▶ **Exercise goal**: Read the data below. Every line holding the string "Photo" must be copied.

▶ **Exercise input**:
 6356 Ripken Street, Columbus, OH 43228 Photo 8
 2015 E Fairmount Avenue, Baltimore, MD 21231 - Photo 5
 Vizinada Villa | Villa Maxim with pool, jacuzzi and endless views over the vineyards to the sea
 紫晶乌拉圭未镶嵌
==
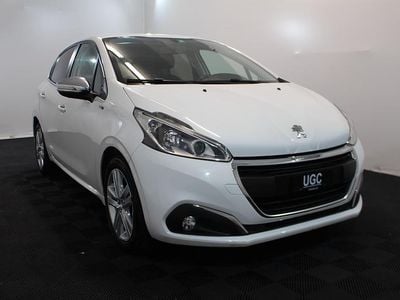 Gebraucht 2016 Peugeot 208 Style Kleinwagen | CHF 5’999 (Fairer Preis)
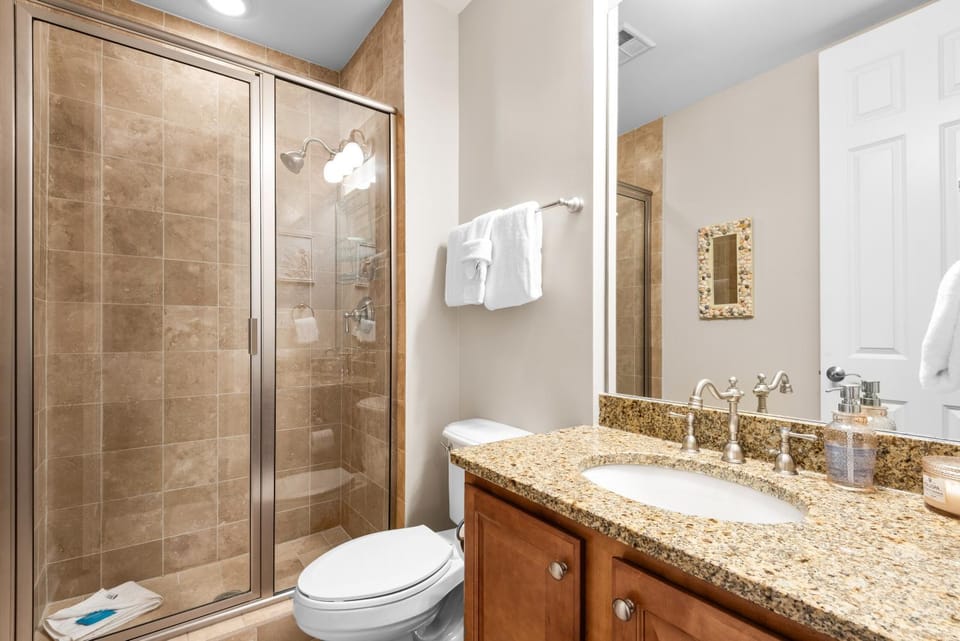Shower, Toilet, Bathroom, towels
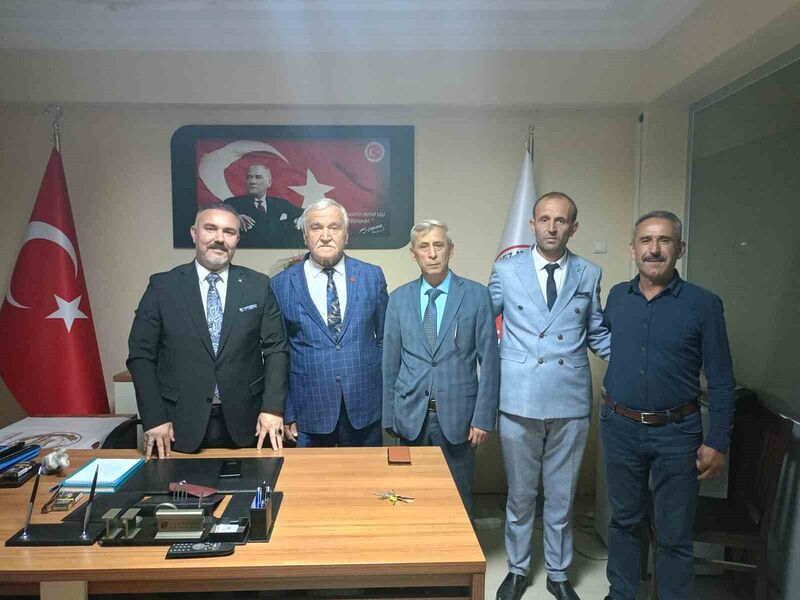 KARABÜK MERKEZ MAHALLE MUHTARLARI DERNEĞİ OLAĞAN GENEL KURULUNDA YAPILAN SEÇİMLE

▶ **Response to this exercise**:
 6356 Ripken Street, Columbus, OH 43228 Photo 8
 2015 E Fairmount Avenue, Baltimore, MD 21231 - Photo 5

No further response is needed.